This week’s lecture featured two guest speakers Richard Holman and Leighton Jones, who shared their knowledge, experience and wisdom on how they create and develop work within their own practice.
Richard Holman’s talk focussed on this idea of assumptions and how we interpret things in our daily lives based on our upbringings. Richard explained the role of languages and how this ultimately changes how people around the world view and hear things differently. For example, he pointed out that the sound of a dog is interpreted in many different ways depending on which part of the world you originate from. This difference in opinion does not make either interpretation wrong, but rather highlights how influential culture and experiences during our upbringings are in shaping how we view the world around us. Richard comments on this idea of conventional and unconventional methods of processing and how adopting a conventional approach can limit our creativity. This idea really resonated with me as I experienced this first-hand during my time living in Northern California. Although I spoke the same language as Americans, I found the difference in the pronunciation of words, accent, my lifestyle and particularly my views on gun culture were influenced by my Scottish upbringing. Richard’s insight into this will be very helpful in my MA project, as it has encouraged me to think more in depth about what exactly identifies me as Scottish and how this has attributed to Scotland being a place, I call home.
To explain this ideology further, Richard takes influence from a quote by film maker David Lynch, which states “you don’t make the fish, you catch the fish” (Lynch, 2017).
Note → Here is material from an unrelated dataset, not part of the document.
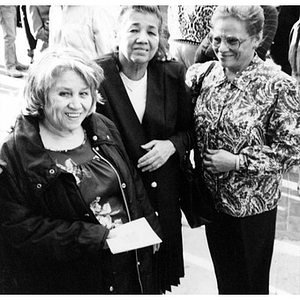 Three older women smiling for the camera as they stand outside in a crowd.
This is such a great analogy as it reinforces this idea that we as creatives do not make new ideas, but rather we take influence from places we have visited, from daydreaming, walking down the street, the people we meet… and we use these existing things we see to adapt and create something different. “There are no original ideas, it’s just the ideas that you have caught” (Lynch, 2017).
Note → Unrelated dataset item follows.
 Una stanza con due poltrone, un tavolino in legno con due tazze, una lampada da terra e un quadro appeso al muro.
Richard stressed that in order for us as creatives to be the best versions of ourselves and create our most innovative work, we must learn to simply slow down and focus on the now and the things that are around us, rather than placing pressure on ourselves to create a great idea with the end result in sight. This is something I am very aware that I need to implement into my life, as I often find myself frustrated when I lack great ideas and I constantly try to imagine how the finished piece will look, opposed to enjoying the process and learning, growing and developing along the way. This talk has been useful to me as I feel I am now more conscious of slowing down my workflow which will help in this process of self-discovery throughout my MA project. By taking the time to focus and discover more about my Scottish heritage, I plan to carry out mini shoots each week that represent different Scottish elements, without pressure from myself to create a definitive final piece.